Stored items
▼▼▼

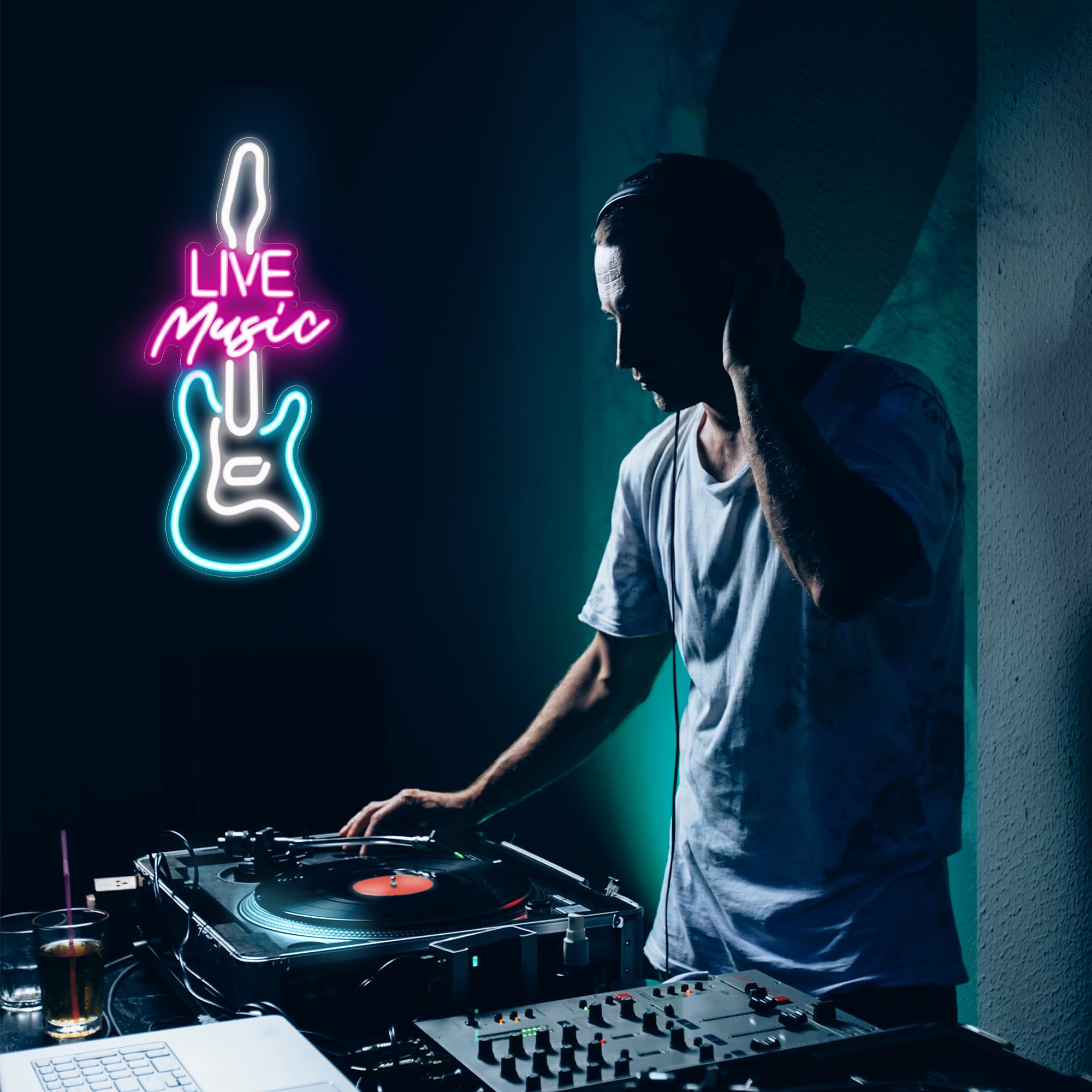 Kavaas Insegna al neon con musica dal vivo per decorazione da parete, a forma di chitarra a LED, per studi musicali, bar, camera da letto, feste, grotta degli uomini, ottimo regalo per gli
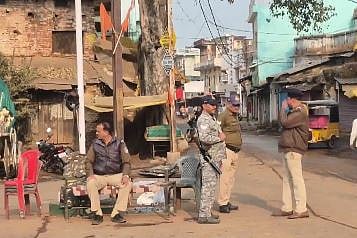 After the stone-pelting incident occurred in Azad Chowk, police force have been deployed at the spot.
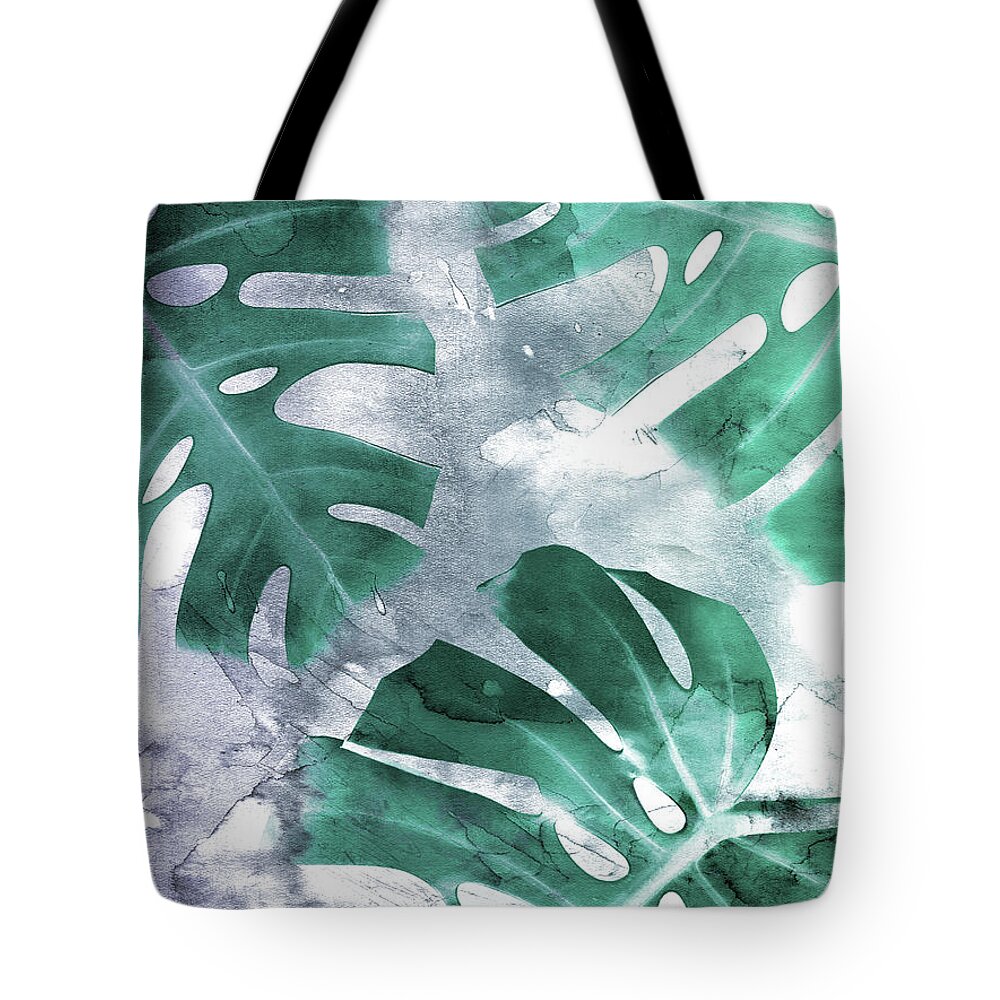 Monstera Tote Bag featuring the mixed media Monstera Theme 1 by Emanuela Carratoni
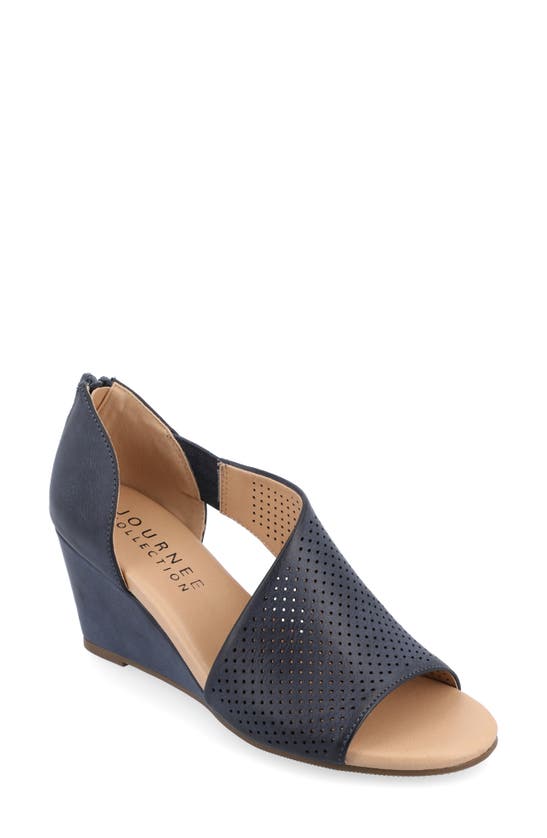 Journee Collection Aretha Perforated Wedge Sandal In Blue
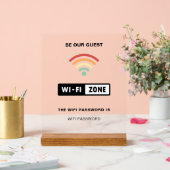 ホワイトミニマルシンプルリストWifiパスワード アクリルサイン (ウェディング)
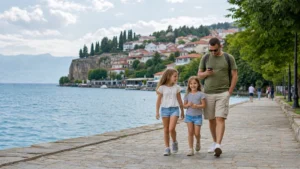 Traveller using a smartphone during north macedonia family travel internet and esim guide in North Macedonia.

▲▲▲
▼▼▼

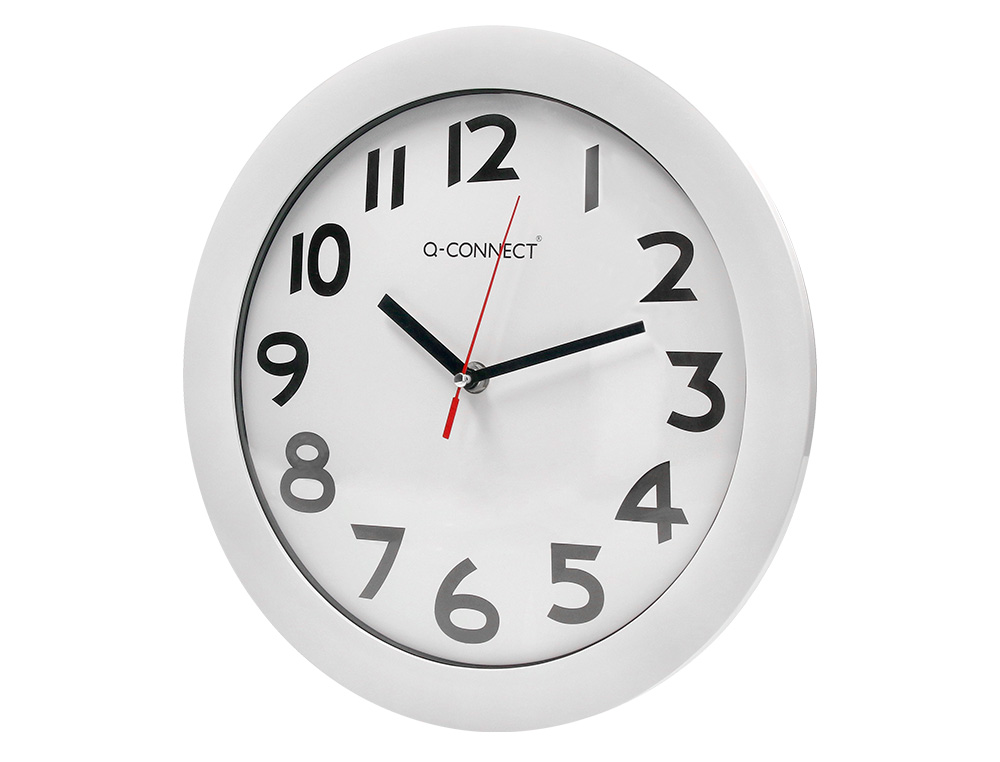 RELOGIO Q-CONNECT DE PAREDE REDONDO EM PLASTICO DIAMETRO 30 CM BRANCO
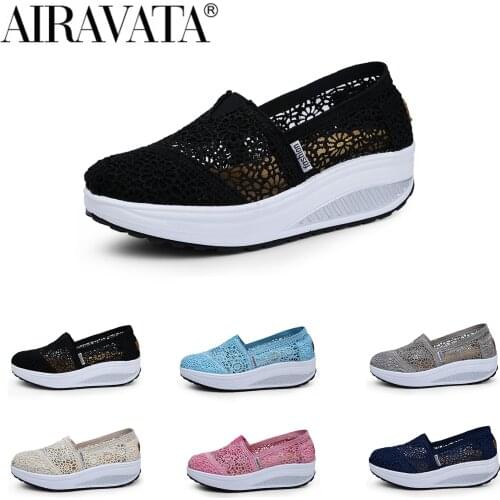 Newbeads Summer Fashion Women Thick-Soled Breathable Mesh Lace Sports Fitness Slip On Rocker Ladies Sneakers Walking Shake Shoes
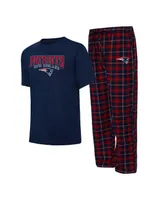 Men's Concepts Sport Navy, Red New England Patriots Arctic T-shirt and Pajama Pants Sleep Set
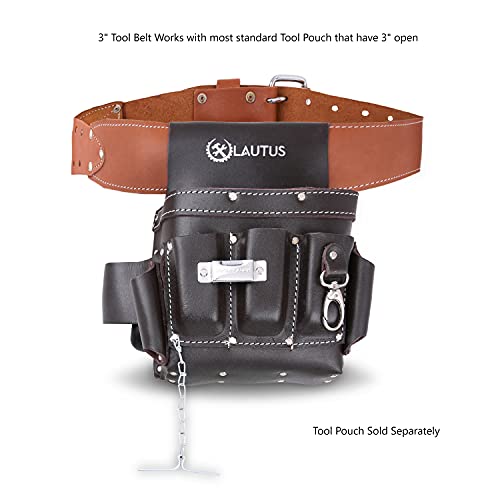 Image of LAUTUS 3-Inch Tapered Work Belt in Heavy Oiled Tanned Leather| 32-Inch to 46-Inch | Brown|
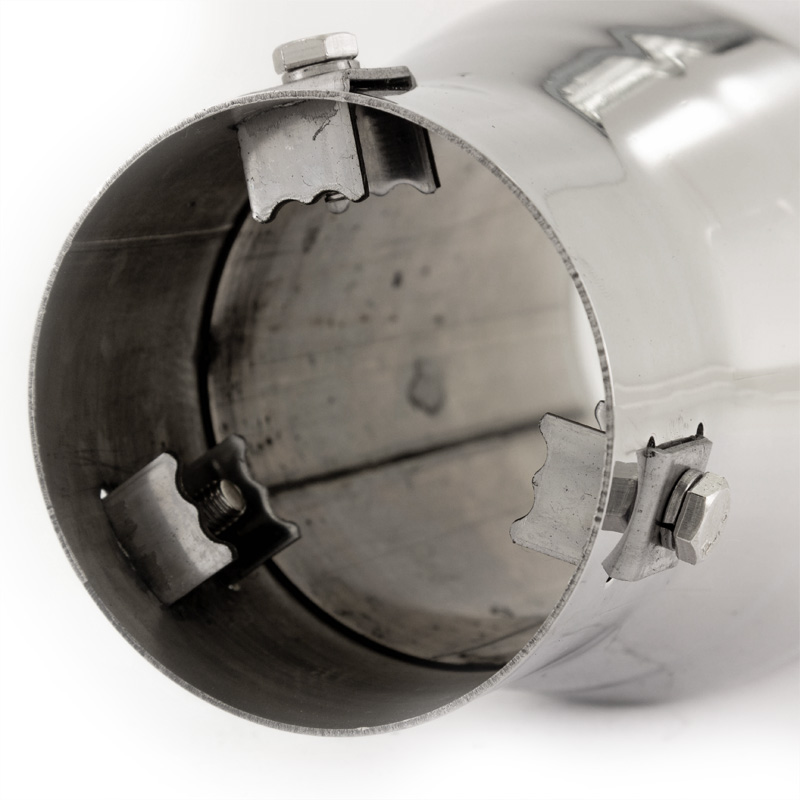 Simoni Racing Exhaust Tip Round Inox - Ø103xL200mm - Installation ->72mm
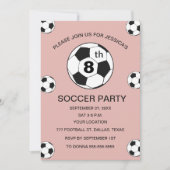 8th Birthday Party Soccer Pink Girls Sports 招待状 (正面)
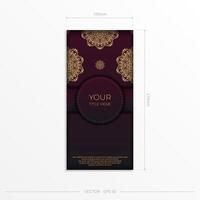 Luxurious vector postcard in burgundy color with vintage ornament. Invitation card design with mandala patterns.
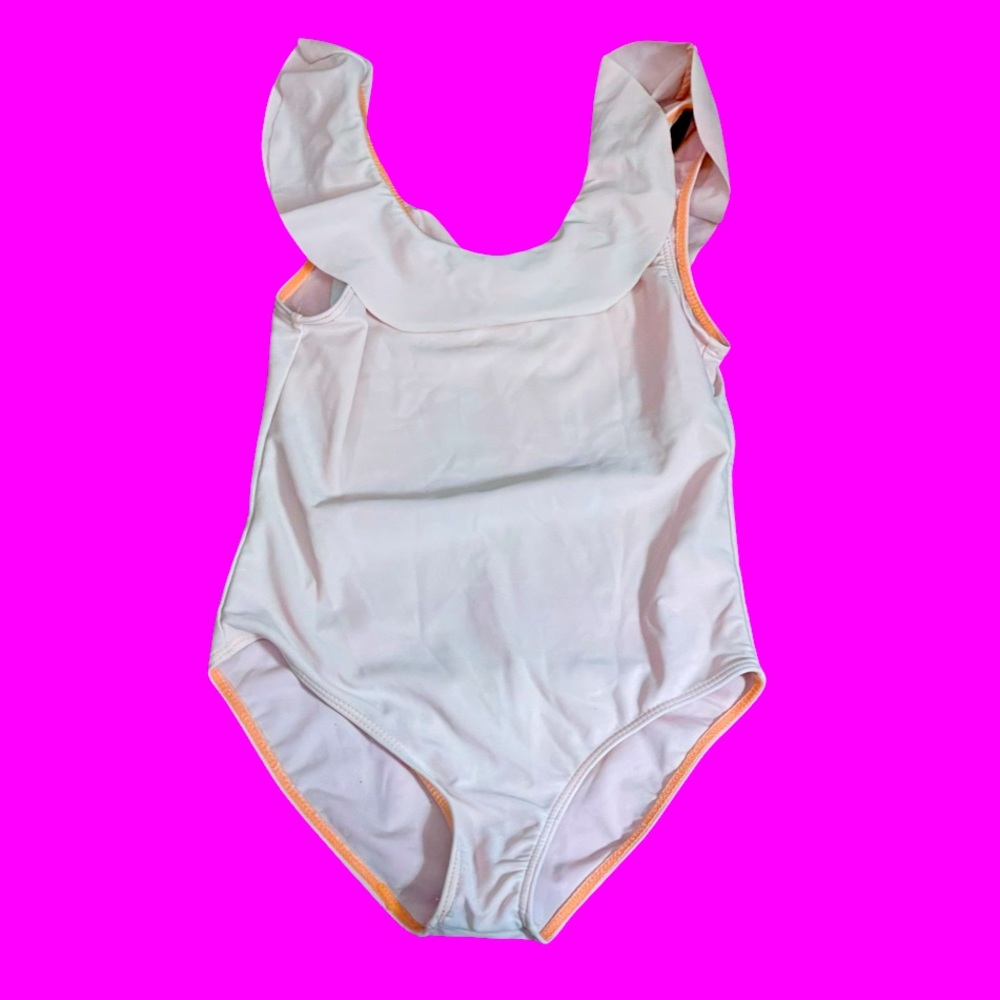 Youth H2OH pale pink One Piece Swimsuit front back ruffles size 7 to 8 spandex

▲▲▲

What to work on: When you reach the line containing "Monstera Tote Bag" in the entries above, begin restating word for word, and stop once the line containing "Traveller using a" has been given. Omit the pictures.

Result of this exercise:
 Monstera Tote Bag featuring the mixed media Monstera Theme 1 by Emanuela Carratoni
 Journee Collection Aretha Perforated Wedge Sandal In Blue
 ホワイトミニマルシンプルリストWifiパスワード アクリルサイン (ウェディング)
 Traveller using a smartphone during north macedonia family travel internet and esim guide in North Macedonia.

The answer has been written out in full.